■ **Records to use**
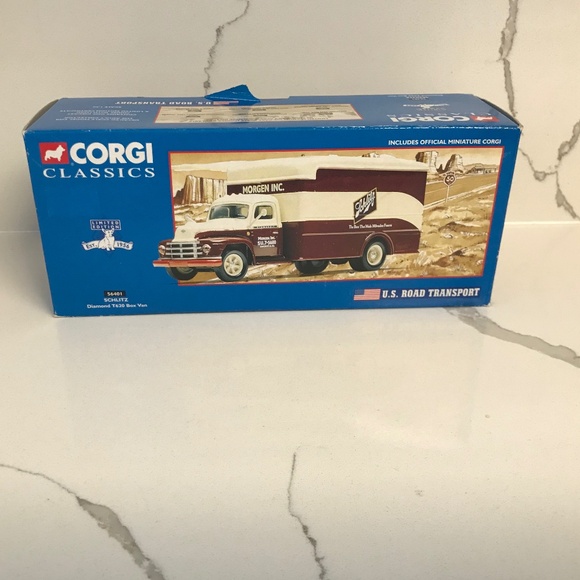 Corgi Classics Limited Edition Schlitz Diamond T620 Morgan Box Van 1:50  NIB - Picture 1 of 13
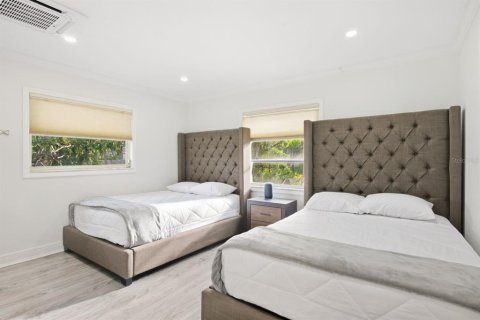 Villa ou maison à vendre à Largo, Floride: 3 chambres, 148.36 m2 № 2388350 - photo 16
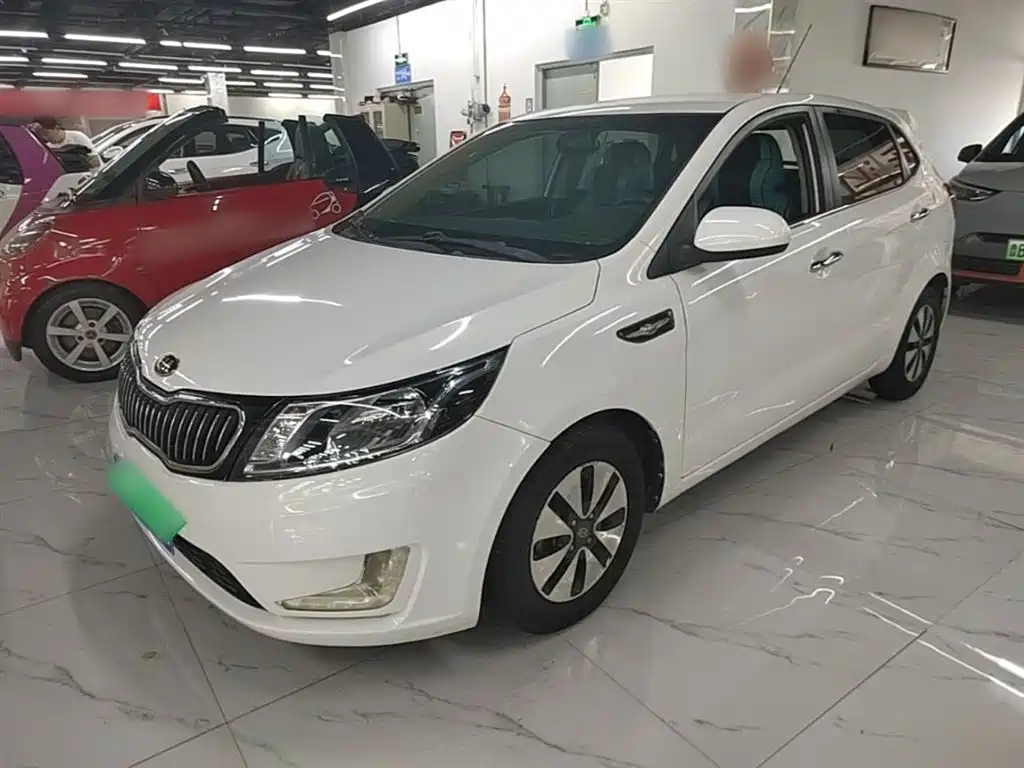 Kia K2 2014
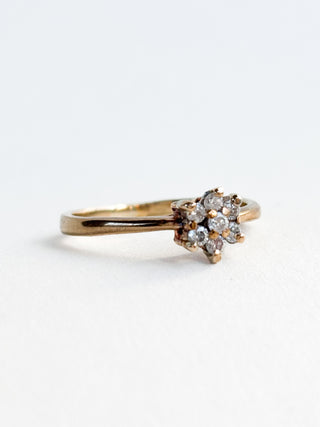 Diamond Flower Ring | 9ct Gold | Size J | 1.45g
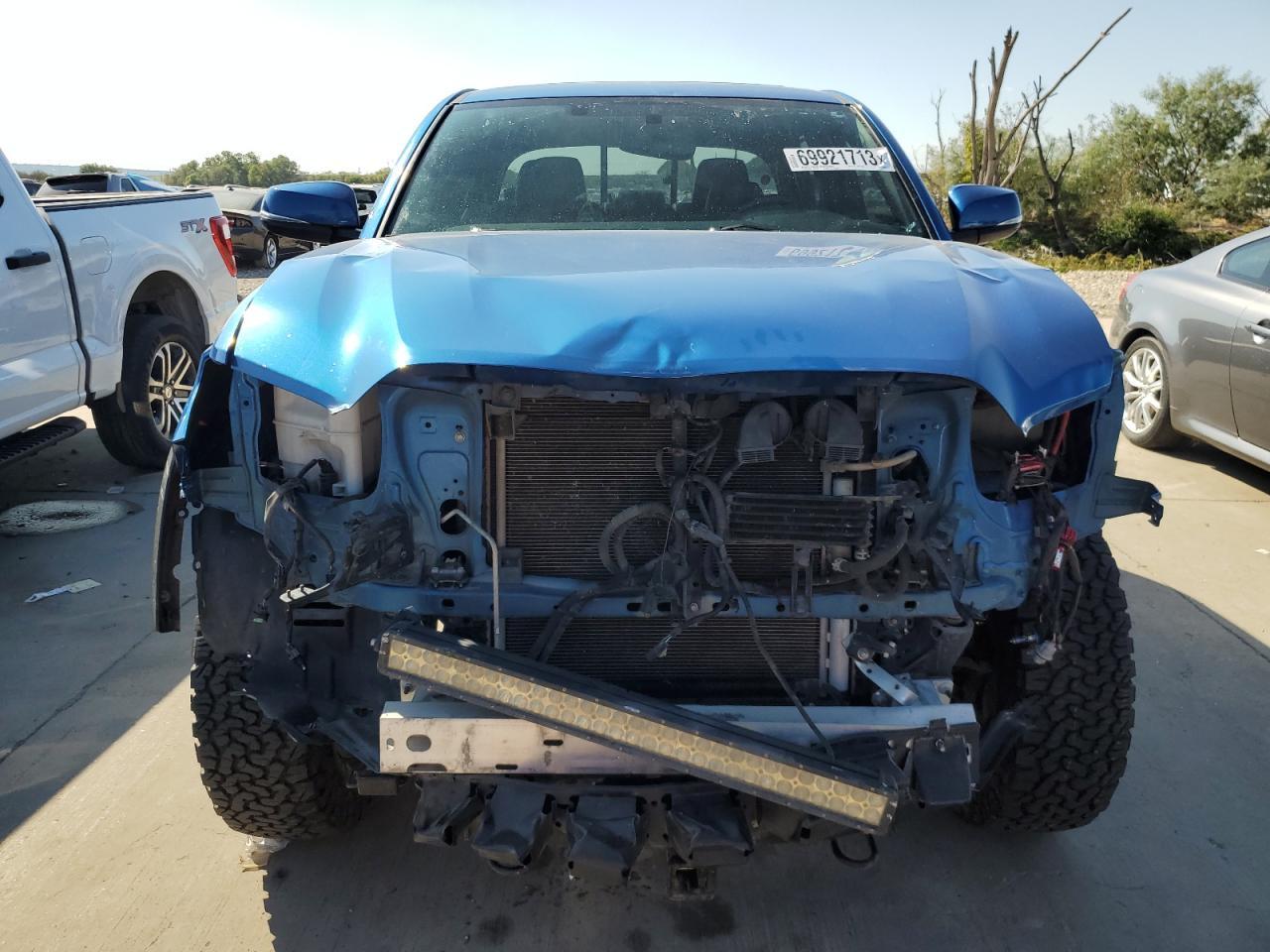 2016 TOYOTA TACOMA DOU - Фото 5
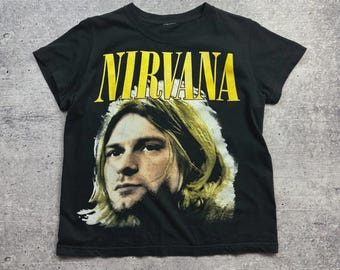 Vintage Nirvana Kurt Cobain Grunge Band Tee Rock Print women’s size ≈L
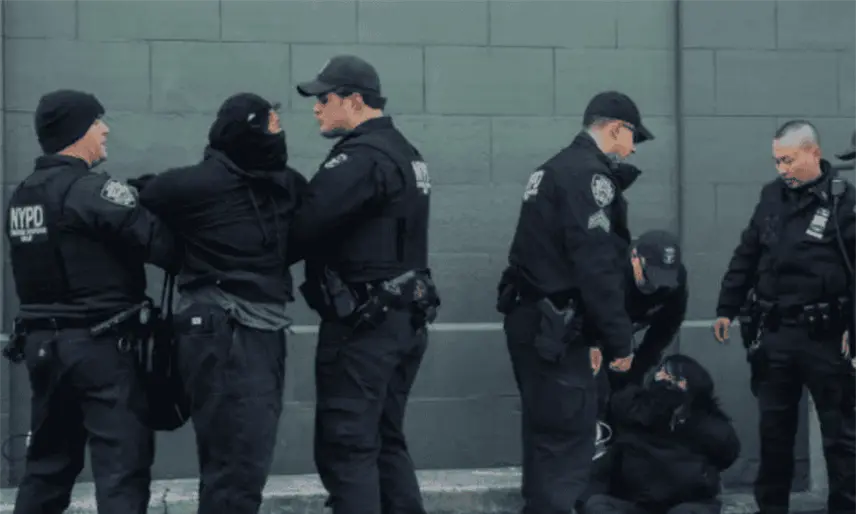 Detienen a manifestantes por bloquear paso de agentes migratorios en Nueva York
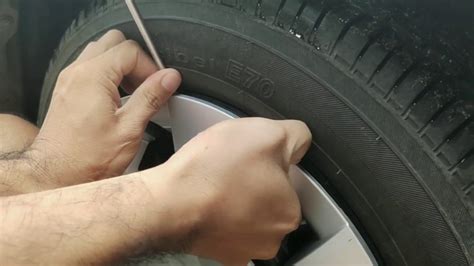 Unleash Your Wheels: Easily Remove Skins with These Top Tricks!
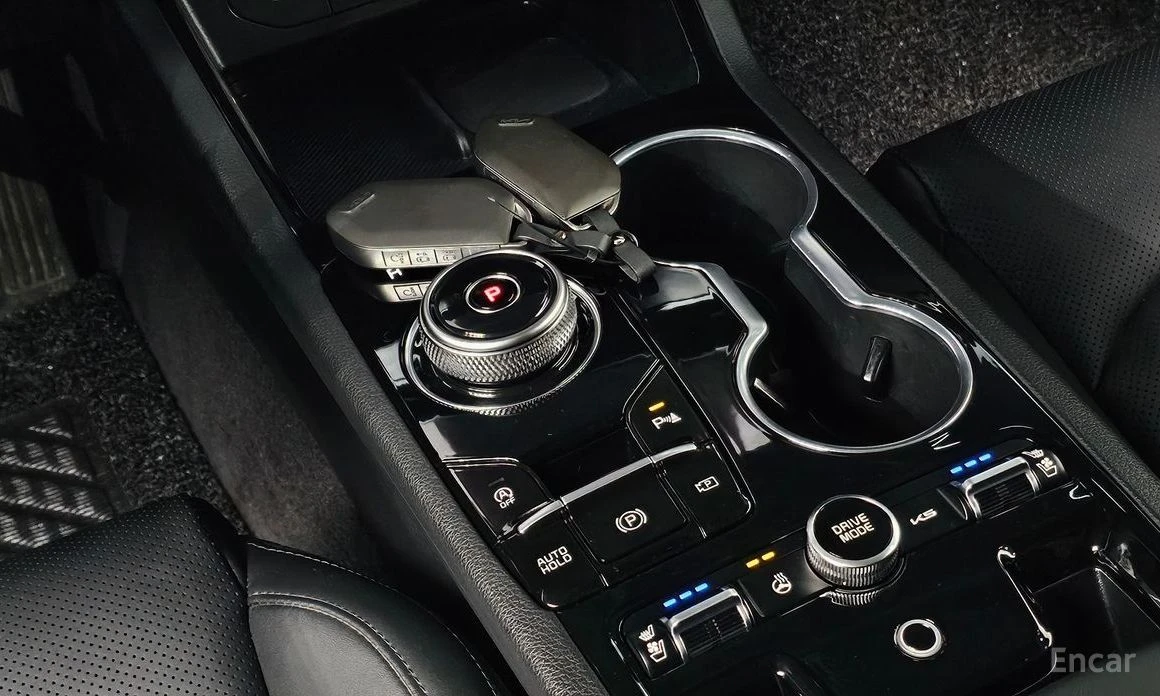 Kia K5, снимка 9 - Автомобили и джипове - 54359549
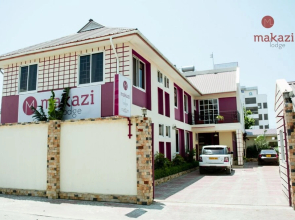 Makazi Lodge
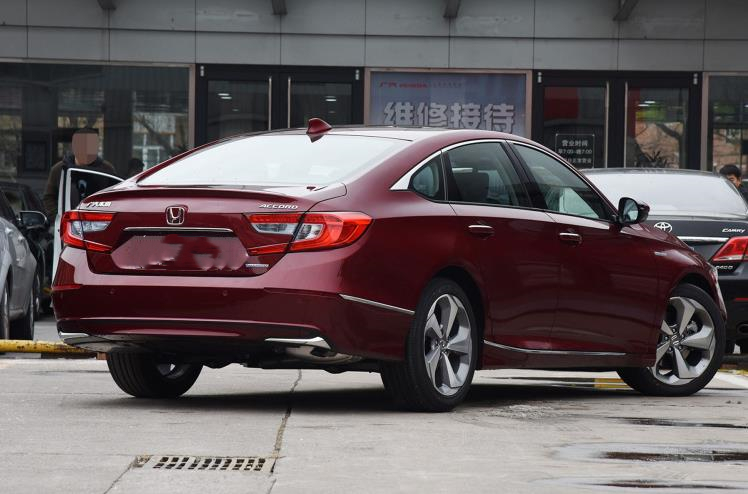 新本田雅阁优惠5万元,最新发布全款本田混动雅阁优惠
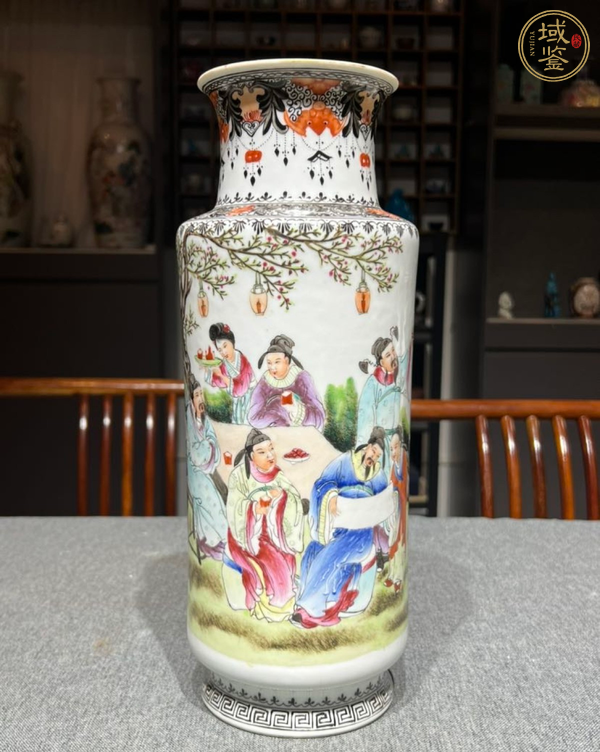古玩陶瓷粉彩人物瓶真品鑒賞圖
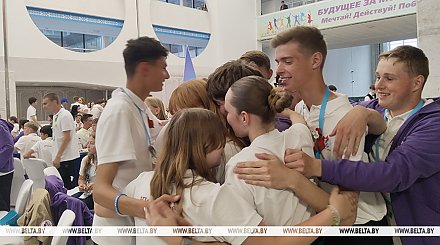Торжественная церемония закрытия проекта "Поезд Памяти" состоялась в Минском дворце детей и молодежи 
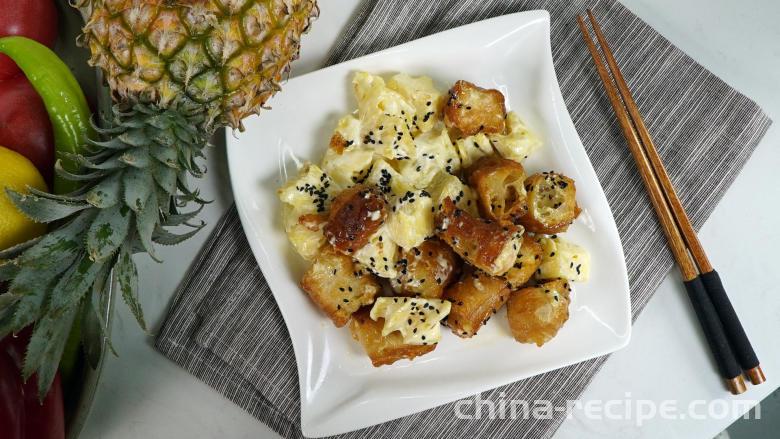 The practice of pineapple deep-fried dough sticks shrimp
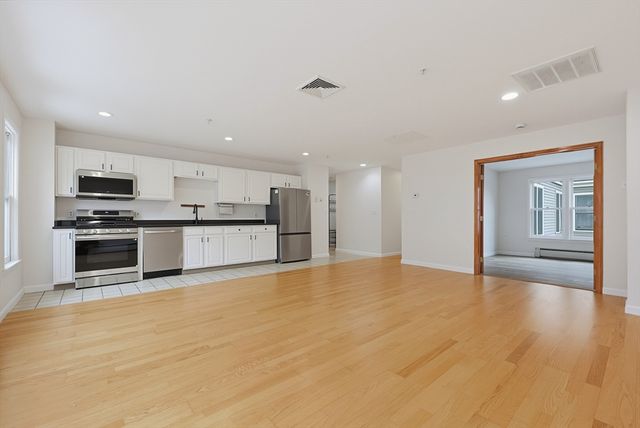 1 Davenport Street 8, Cambridge, MA 02140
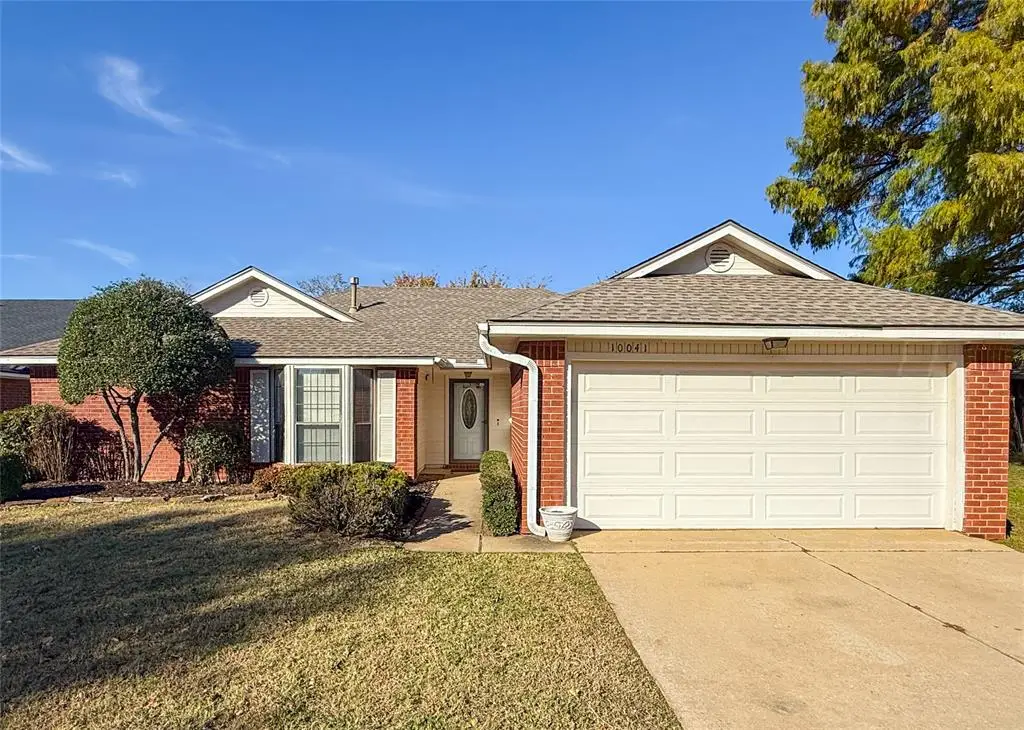 10041 Aberdeen Lane, Yukon, OK 73099 - Image #1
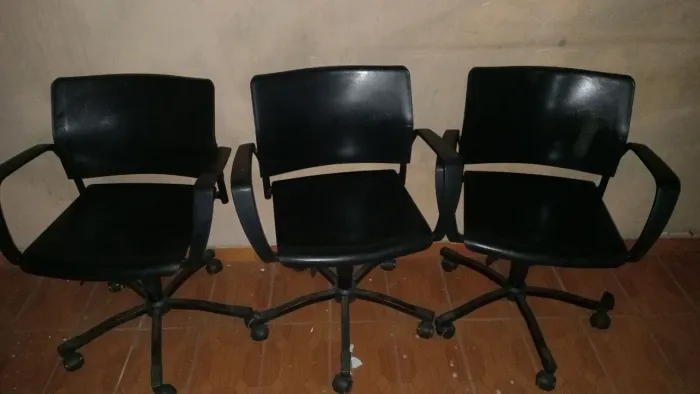 3 Cadeiras de Escritório Flexform - Excelente Estado - R$ 900,00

■ **Aim of the task**
Repeat exactly the lines in the entries from the one containing "10041 Aberdeen Lane, Yukon, OK" to the final line, inclusive, and nothing beyond them; skip pictures.

■ **Response to the exercise**
 10041 Aberdeen Lane, Yukon, OK 73099 - Image #1
 3 Cadeiras de Escritório Flexform - Excelente Estado - R$ 900,00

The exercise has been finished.